Private Schools K through 12. Many excellent private schools are also close by. The primary school campus of the Washington International School is in Burleith (1690 36th Street NW); its main campus is in Cleveland Park (3100 Macomb Street NW). The Lab School of Washington is another multi-campus school, with an elementary school in Foxhall (2301 Foxhall Road NW) and upper grades in Palisades (4759 Reservoir Road NW). Sidwell Friends has an upper/middle school (3825 Wisconsin Avenue NW) and an elementary campus in Bethesda, MD. And Georgetown Day School has a lower/middle school in Palisades (4530 MacArthur Boulevard NW) and a high school in Tenleytown (4200 Davenport Street NW). Other private schools include the British International School of Washington (2001 Wisconsin Avenue NW), Georgetown Visitation (1524 35th Street NW), Holy Trinity (1325 36th Street NW), Our Lady of Victory (4755 Whitehaven Parkway NW), St. Albans (Massachusetts and Wisconsin Avenues), and National Cathedral School (3610 Woodley Road NW).

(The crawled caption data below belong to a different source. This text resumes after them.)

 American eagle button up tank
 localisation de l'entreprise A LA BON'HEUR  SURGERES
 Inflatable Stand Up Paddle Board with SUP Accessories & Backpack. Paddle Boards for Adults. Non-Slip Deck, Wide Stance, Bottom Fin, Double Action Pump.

Higher Education and Online Degree Programs. Washington is home to a host of public and private universities—American, Catholic, Gallaudet, George Washington, Georgetown, Howard, Trinity Washington, and the University of the District of Columbia—as well as some for-profit degree institutions. Some universities based elsewhere, such as Johns Hopkins, offer classes in the District. Best Schools.com, a privately funded organization, provides resources about online education, rankings, tuition, and financial aid, as well as true cost vs. benefit. This link covers online education in the Washington, DC area.
Continuing Education at Georgetown University. Georgetown University's School of Continuing Studies offers degree (including online degrees) and certificate programs in liberal studies, professional studies, professional education, and summer and special programs. The Georgetown University Learning Community provides colleagues, friends, and neighbors 55 years or older with a variety of non-credit short courses on the main campus. GU's 8-session Mini-Med School, for people of high-school age and older, is taught by medical school faculty and covers topics as diverse as bioethics, pain management, plastic surgery, and degenerative diseases.
Public Library. The Georgetown branch of the DC Public Library (3260 R Street NW) serves patrons of all ages with books, programs, and research facilities. Its Peabody Room houses a special collection of Georgetown neighborhood history with subject vertical files, photographs, maps, neighborhood microfilmed newspapers, paintings, engravings, and artifacts that document various aspects of Georgetown life. It also features a house history file for nearly every home in Georgetown. The library's friends group sponsors book sales and welcomes new members.